The Castrovillari scarps (Cfs) are located in northern Calabria (Italy) and consist of three main WSW-dipping fault scarps resulting from multiple rupture events. At the surface, these scarps are defined by multiple breaks in slope. Despite its near-surface complexity, the faults likely merge to form a single normal fault at about 200 m depth, which we refer to as the Castrovillari fault. We present the results of a multidisciplinary and multiscale study at a selected site of the Cfs with the aim to (i) characterize the geometry at the surface and at depth and (ii) obtain constraints on the fault slip history. We investigate the site by merging data from quantitative geomorphological analyses, electrical resistivity and ground penetrating radar surveys, and palaeoseismological trenching along a similar to 40 m high scarp.
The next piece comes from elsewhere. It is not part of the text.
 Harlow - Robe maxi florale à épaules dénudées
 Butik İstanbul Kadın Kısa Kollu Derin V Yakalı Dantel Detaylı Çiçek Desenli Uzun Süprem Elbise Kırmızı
The closely spaced investigations allow us to reconstruct the shallow stratigraphy, define the fault locations, and measure the faulted stratigraphic offsets down to 20 m depth. Despite the varying resolutions, each of the adopted approaches suggests the presence of sub-parallel fault planes below the scarps at approximately the same location. The merged datasets permit the evaluation of the fault array (along strike for 220 m within a 370-m-wide zone). The main fault zone consists of two closely spaced NW-SE striking fault planes in the upper portion of the scarp slope and another fault at the scarp foot. The 3-D image of the fault surfaces shows west to southwest dipping planes with values between 70 degrees and 80 degrees; the two closely spaced planes join at about 200 m below the surface. The 8-to-12-m-high upper fault, which shows the higher vertical displacements, accommodated most of the deformation during the Holocene. Results from the trenching analysis indicate a minimum slip per event of 0.6 m and a maximum short-term slip rate of 0.6 mm yr(-1) for the Cf. The shallow subsurface imaging techniques are particularly helpful in evaluating the possible field uncertainties related to postfaulting modification by erosional/depositional/human processes, such as within stream valleys and urbanized zones.